I bought another soviet watch, and this one's a bit of a 'monster'
As in, a potential Frankenstein
This is my first Poljot, although there are clear indicators that this watch may have been bastardized, which isn't necessarily a bad thing, as long as you know what you're buying.
Poljot is one the most popular Soviet/post-Soviet watch brands - along with Raketa, Pobeda, Slava, Luch and Vostok. The acronym on the dial reads '1 МЧЗ', short (in Cyrillic script) for 'Moskovskiy Chasovoy Zavod', 'The First Moscow Watch Factory'. The brand can trace its roots back to the original 'First State Watch Factory', launched in 1930 under orders from Stalin.
The company was revamped in the early 1960s to celebrate the Soviet space programme and Yuri Gagarin himself, the first man in space, was gifted a manual-winding Poljot watch when he graduated from the Soviet air force flight school in the 1950s.
This particular piece is powered by a 17-jewel movement that may or may not be entirely original, but it's certainly been polished because there's no way a movement in a watch that dates back to the 1950s ('4-57' on the rotor, built in the fourth quarter of 1957) can look this good and crisp. It keeps good time and I've been able to determine that it holds a power reserve of about 40 hours.
The hands are new, no doubt about that, as is the crystal, but the biggest giveaway is the transparent case back because the Soviets wouldn't have built a case back out of glass back then, not in a million years. The strap is brand new, and boring, which means it's going to have to go at some point.

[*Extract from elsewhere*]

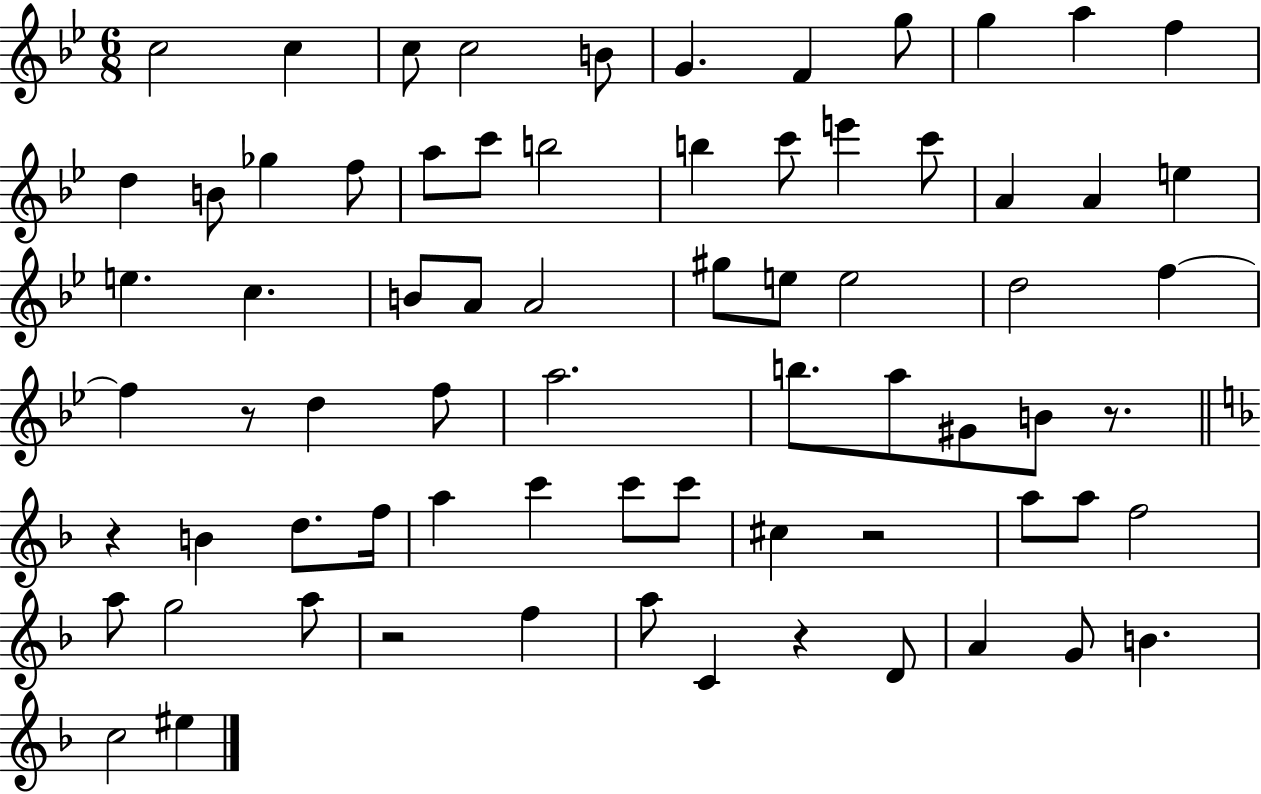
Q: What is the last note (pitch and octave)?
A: EIS5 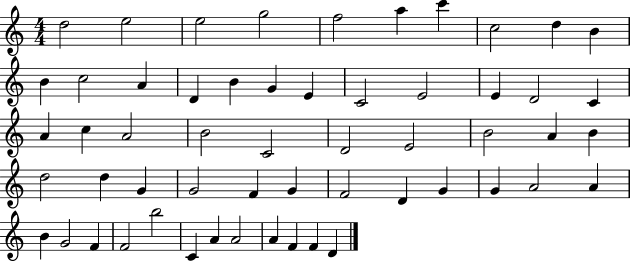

Total damage? Well, I got it from a flea market and the guy that sold it to me knew a lot about watches and even more about selling. Many of the watches he had were actually recased pocket watches, I noticed that and told him. And I also told him his €140 asking price was unrealistic and eventually got it for €50. I'm not 100% convinced the watch is worth it, but it is what I was willing to pay for it so I guess I'm happy.